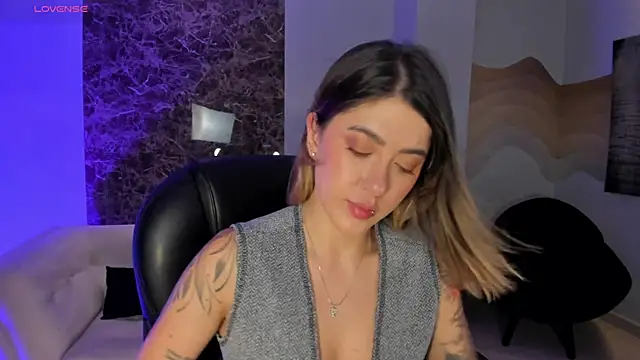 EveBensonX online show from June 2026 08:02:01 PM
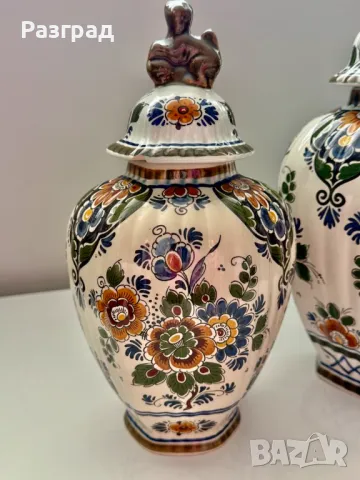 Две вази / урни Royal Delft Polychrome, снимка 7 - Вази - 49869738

☆ ☆ ☆ ☆

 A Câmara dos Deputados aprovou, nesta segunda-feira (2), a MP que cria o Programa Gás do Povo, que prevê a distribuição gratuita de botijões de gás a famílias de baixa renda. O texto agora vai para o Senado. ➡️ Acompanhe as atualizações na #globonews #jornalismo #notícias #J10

☆ ☆ ☆ ☆

§ WHAT THIS TASK INVOLVES
When you reach the line that has "EveBensonX online show" in the data above, start repeating lines exactly, and stop after the line that has "Две вази / урни"; pictures stay out.

§ SOLUTION FOR THIS PROBLEM
 EveBensonX online show from June 2026 08:02:01 PM
 Две вази / урни Royal Delft Polychrome, снимка 7 - Вази - 49869738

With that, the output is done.